* PROVIDED RECORDS *
=-=-=-=-=

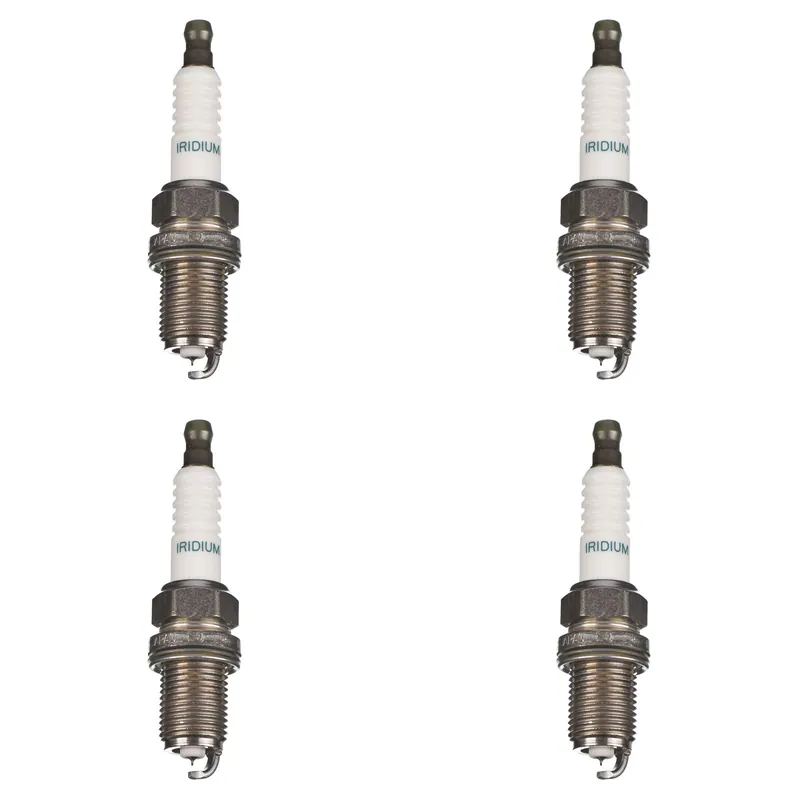 Top-Angebot DENSO Zündkerze VK16PR-Z11 Iridium 4er Set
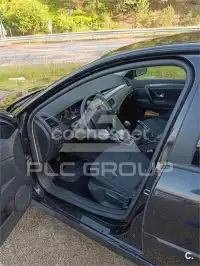 2008 Renault Laguna
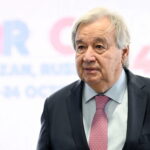 Σύνοδος BRICS: Ο Γενικός Γραμματέας του ΟΗΕ ζητά «δίκαιη ειρήνη» στην Ουκρανία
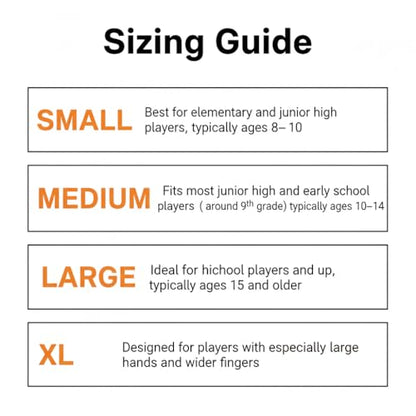 Perfect Jump Shot Basketball Shooting Glove - Jump Shot Trainer for Form Correction & Accuracy - Left & Right Hand for Youth & Adult Sizes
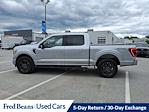 2022 Ford F-150 SuperCrew Cab 4x4 Pickup for sale #E00925D - photo 7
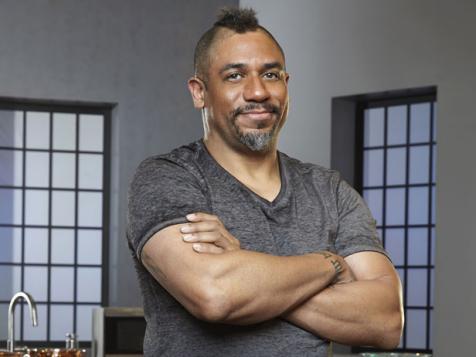 Russell Jackson Bio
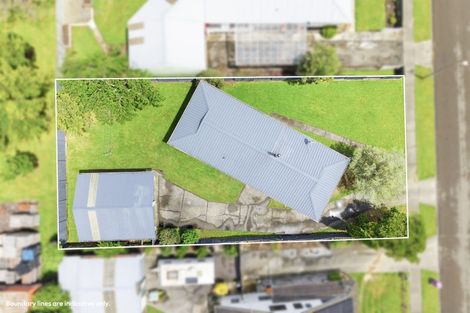 Photo of property in 52 Acacia Street, Kelvin Grove, Palmerston North, 4414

=-=-=-=-=

* YOUR ASSIGNMENT *
What is needed is an exact copy of the lines from the one containing "Russell Jackson Bio" through the last line of the records, with every picture left out.

* SOLUTION BELOW *
 Russell Jackson Bio
 Photo of property in 52 Acacia Street, Kelvin Grove, Palmerston North, 4414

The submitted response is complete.